# Generate Flow-Centric DCN Benchmark Traffic

In this example, we will use `TrafPy` to generate the flow-centric data centre network benchmark traffic traces (University, Private Enterprise, Commercial Cloud, and Social Media Cloud) for a custom network topology. We will then save these traffic traces as .pickle files, which can then be imported into any simulation, emulation, or experimentation environment/test bed independently of `TrafPy`. We will also organise the demonstrated traffic into time slots and generate an sqlite data base which we can save to our disk and access during a simulation, thereby enabling us to scale to very large simulation sizes.

To do this, we will need to use the `trafpy.generator` and `trafpy.benchmarker` modules.

In [1]:
import trafpy.generator as tpg
from trafpy.benchmarker import BenchmarkImporter

## 1. Define the Network

Consider that you have a network with $n_{n}=64$ end points/machines/leaf nodes, and that you've defined your network externally to TrafPy, but you would like to use TrafPy to generate the University, Private Enterprise, Commercial Cloud, and Social Media Cloud traffic traces for your network. Regardless of your network's topology, we can use the `trafpy.generator.gen_arbitrary_network()` function to initialise an arbitrary representation of your network which TrafPy can recognise and create traffic data for.

Start by setting how many end points are in your network:

In [2]:
num_eps = 64

### (Optional) End Point Clusters/Racks
In the context of data centre networks, it is common to cluster end points/machines into *racks*. This can lead to varying levels of end point and end point pair traffic loads (e.g. inter vs. intra-rack traffic load). `TrafPy` lets you group your end points into racks by providing a `racks_dict` dictionary which maps racks (keys) to the list of end points (values) within each rack.
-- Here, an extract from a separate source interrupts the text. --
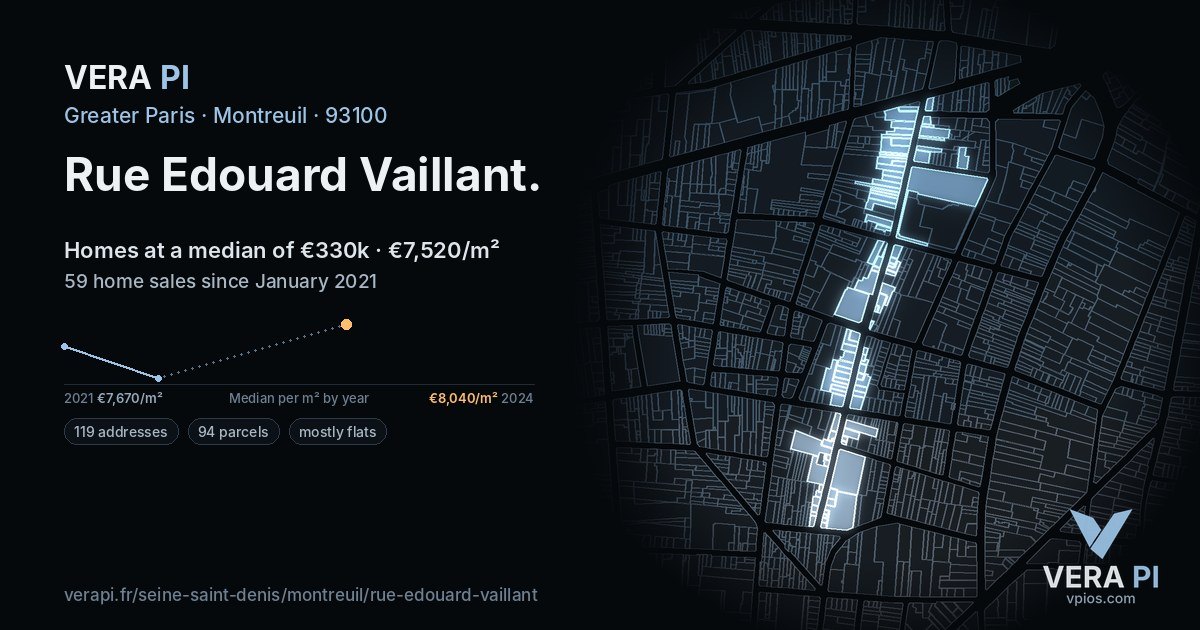 Rue Edouard Vaillant, Montreuil at night – every parcel coloured by the prices around it, the street's own parcels lit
If your network did not have any clustering/racks, you could simply set `racks_dict=None`, but consider that your $n_{n}=64$ network has 8 servers per rack (8 racks overall).

In [3]:
racks_dict, num_racks = {}, 8
eps_per_rack = int(num_eps/num_racks)
for rack in range(num_racks):
    racks_dict[rack] = [ep for ep in range(rack*eps_per_rack, (rack*eps_per_rack)+eps_per_rack)]
print(racks_dict)

{0: [0, 1, 2, 3, 4, 5, 6, 7], 1: [8, 9, 10, 11, 12, 13, 14, 15], 2: [16, 17, 18, 19, 20, 21, 22, 23], 3: [24, 25, 26, 27, 28, 29, 30, 31], 4: [32, 33, 34, 35, 36, 37, 38, 39], 5: [40, 41, 42, 43, 44, 45, 46, 47], 6: [48, 49, 50, 51, 52, 53, 54, 55], 7: [56, 57, 58, 59, 60, 61, 62, 63]}


### Network Bandwidth Capacity

Each link in your network will have (1) some bandwidth capacity per link channel (the maximum rate of information transfer per unit time on each channel) $C_{c}$, and (2) some number of channels per link $n_{c}$. `TrafPy` will assume that your links are *bidirectional*, meaning traffic can simultaneously be outbound and inbound from/to a given end point, therefore each link channel's bandwidth is split between the end points' transceiver (source) and receiver (destination) port. Consider that your network has link channel capacity $C_{c}=1250$ and $n_{c}=1$ channels:

In [4]:
ep_capacity = 1250

You can now initialise your network in a format recognised by `TrafPy` using the `trafpy.generator.gen_arbitrary_network()` function:

In [5]:
net = tpg.gen_arbitrary_network(num_eps=num_eps, ep_capacity=ep_capacity, racks_dict=racks_dict)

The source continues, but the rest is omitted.